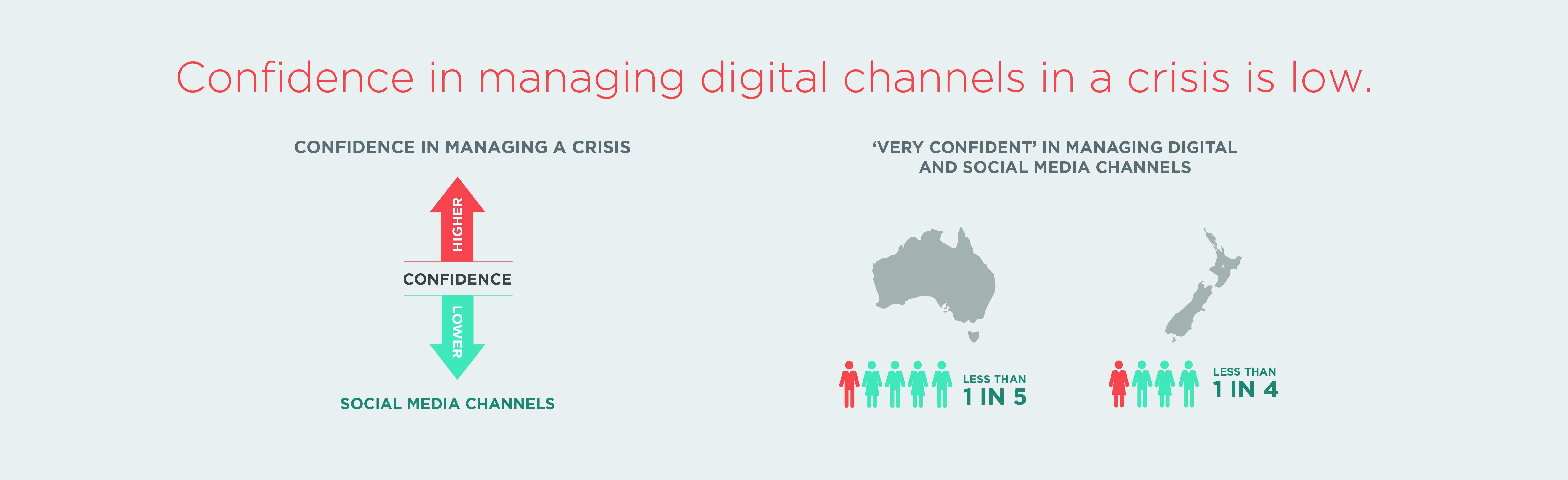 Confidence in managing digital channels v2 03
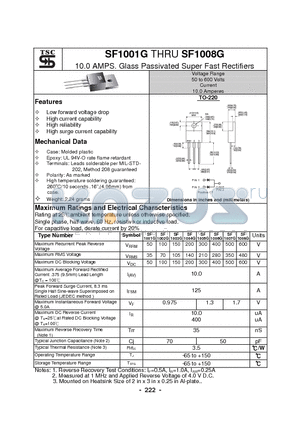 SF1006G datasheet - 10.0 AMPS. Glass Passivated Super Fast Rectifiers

---

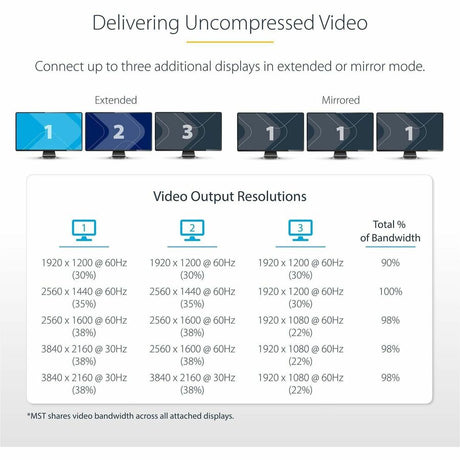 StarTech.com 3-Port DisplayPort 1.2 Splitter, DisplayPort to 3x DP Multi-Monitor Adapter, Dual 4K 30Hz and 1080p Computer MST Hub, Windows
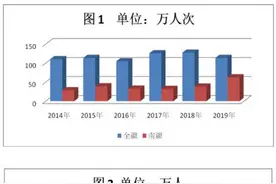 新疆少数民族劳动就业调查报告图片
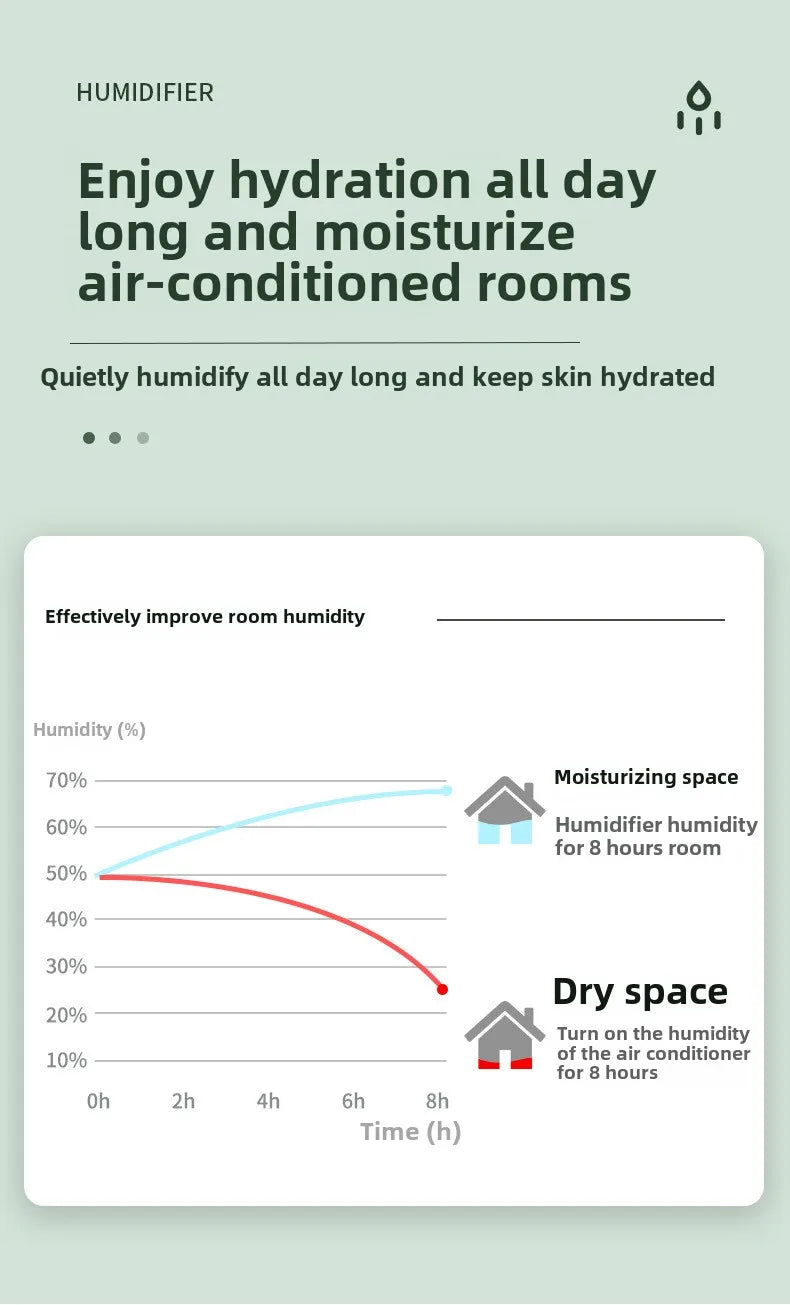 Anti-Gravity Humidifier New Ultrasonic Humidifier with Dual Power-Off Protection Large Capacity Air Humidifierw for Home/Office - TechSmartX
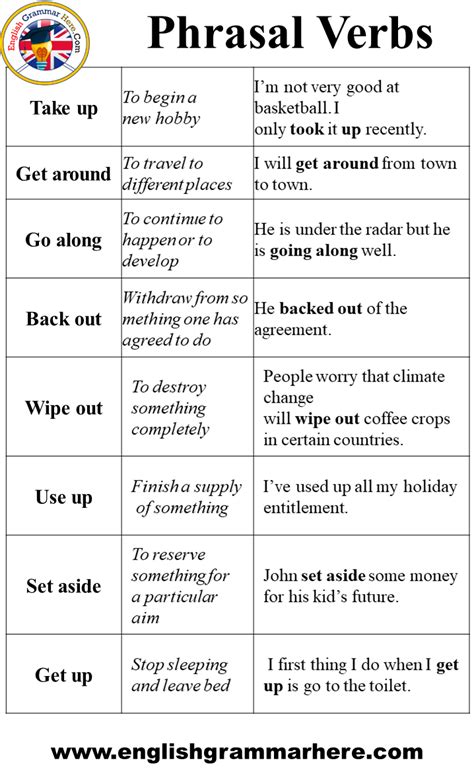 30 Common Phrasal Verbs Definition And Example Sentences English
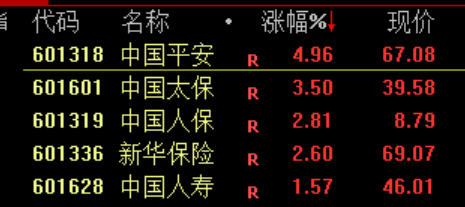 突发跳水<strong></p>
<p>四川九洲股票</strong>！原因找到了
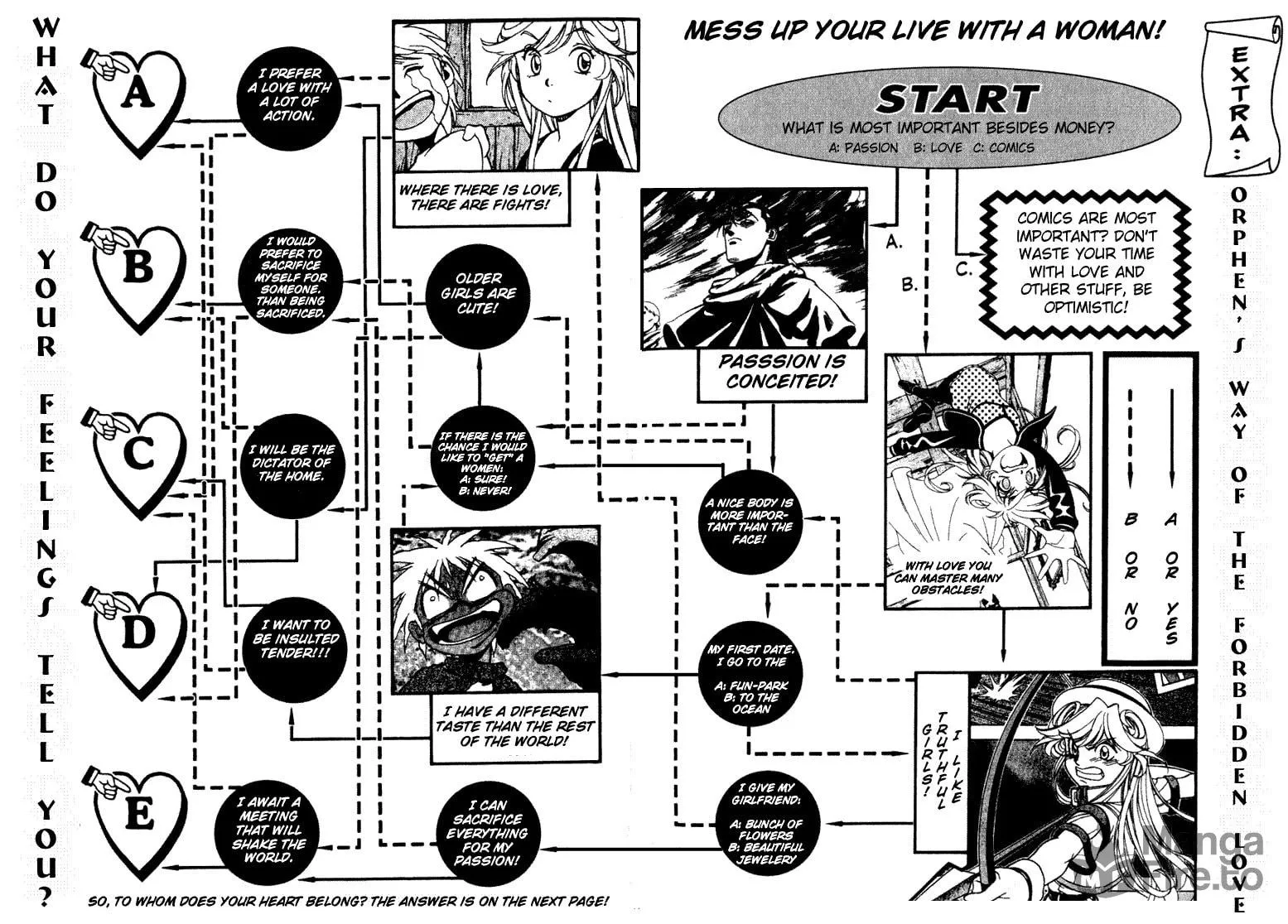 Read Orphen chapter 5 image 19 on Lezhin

▸ What is being asked
From the records above, give again only the part that opens with the line containing "Anti-Gravity Humidifier New" and closes with the line containing "Read Orphen chapter 5 image 19 on Lezhin". Keep both ends but drop the pictures.

▸ Task output
 Anti-Gravity Humidifier New Ultrasonic Humidifier with Dual Power-Off Protection Large Capacity Air Humidifierw for Home/Office - TechSmartX
 30 Common Phrasal Verbs Definition And Example Sentences English
 突发跳水<strong></p>
<p>四川九洲股票</strong>！原因找到了
 Read Orphen chapter 5 image 19 on Lezhin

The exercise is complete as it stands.